Les commissariats concernés par le projet sont « réhabilités », dans le lexique des acteurs du projet, c’est-à-dire aménagés de telle sorte que la partie judiciaire se trouve séparée de la partie administrative[11]. De surcroît, les agents suivent une formation de communication avec les citoyens, et des affiches indiquent aux citoyens les documents nécessaires à leurs démarches administratives. Parallèlement, un « comité local de sécurité » (CLS) est formé. Ce dernier, qui rassemble des agents du commissariat, des représentants des autorités locales (délégué ou ‘umda[12]), des membres du conseil municipal ainsi que des associations locales, définit les activités menées au nom de la police de proximité. Des conférences de sensibilisation contre la violence, les drogues, la violence faite aux femmes sont organisées dans les écoles, des réceptions dans le commissariat, des événements « festifs » au cours desquels sont mis en scène enfants en tenue policière tendant des roses aux policiers, etc. Le mot d’ordre est de rapprocher policiers et citoyens.

Comme l’explique en entretien un commissaire de police judiciaire en détachement au PNUD : « En 2011, les gens s’en sont pris à la police, et ils avaient raison. Notre but est de changer les mentalités, chaque fois qu’ils voient des actions positives de la part de la police, que ça fasse comme un électrochoc chez eux. » Ce désir de changer les mentalités justifierait, selon les promoteurs du projet, que soient menées des actions symboliques sans modification notable de l’activité policière en elle-même. Le rapprochement entre policiers et citoyens repose sur des efforts portés par les membres du CLS, auxquels se joignent éventuellement les forces de l’ordre impliquées dans le projet. Derrière le mot d’ordre du rapprochement, l’enjeu est la légitimité de l’action policière et des forces de l’ordre : plus que sur les pratiques policières comme telles, c’est sur leurs représentations que les membres du projet entendent agir.

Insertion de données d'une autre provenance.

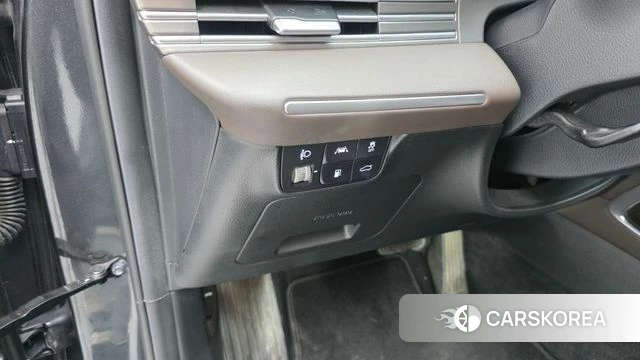 Hyundai The New Grandeur IG Hybrid 2022 Цвет галактики из Кореи, фото 3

Lustrer l’image du ministère et de ses agents semble d’ailleurs l’emporter sur l’idée de collaborer avec la population locale dans la lutte contre la criminalité. La composition du CLS d’un des quartiers concernés par le projet est à cet égard manifeste. Le commissariat se situe dans un quartier populaire, la cité Rabia’, attenante aux quartiers chics et résidentiels du grand Tunis et de la ville de La Marsa. Les membres « civils » du CLS ne sont pas originaires du quartier. Ils ont été recrutés sur la base de leur engagement au sein d’un projet de budget participatif, lui aussi financé par le PNUD, et la plupart sont engagés politiquement à l’échelle locale[13]. Ils n’ont « jamais eu de problème avec la police[14] », et, selon eux, c’est précisément cette extériorité revendiquée qui leur permettait d’agir dans le quartier concerné par le projet. Asma[15] est une dame d’une cinquantaine d’années, qui a vécu entre La Marsa et Paris avant la révolution. En 2011, elle rentre en Tunisie, rejoint des manifestations contre les islamistes et en organise même certaines. À son engagement politique s’ajoute un engagement associatif local, et, depuis 2014, elle fait partie du CLS.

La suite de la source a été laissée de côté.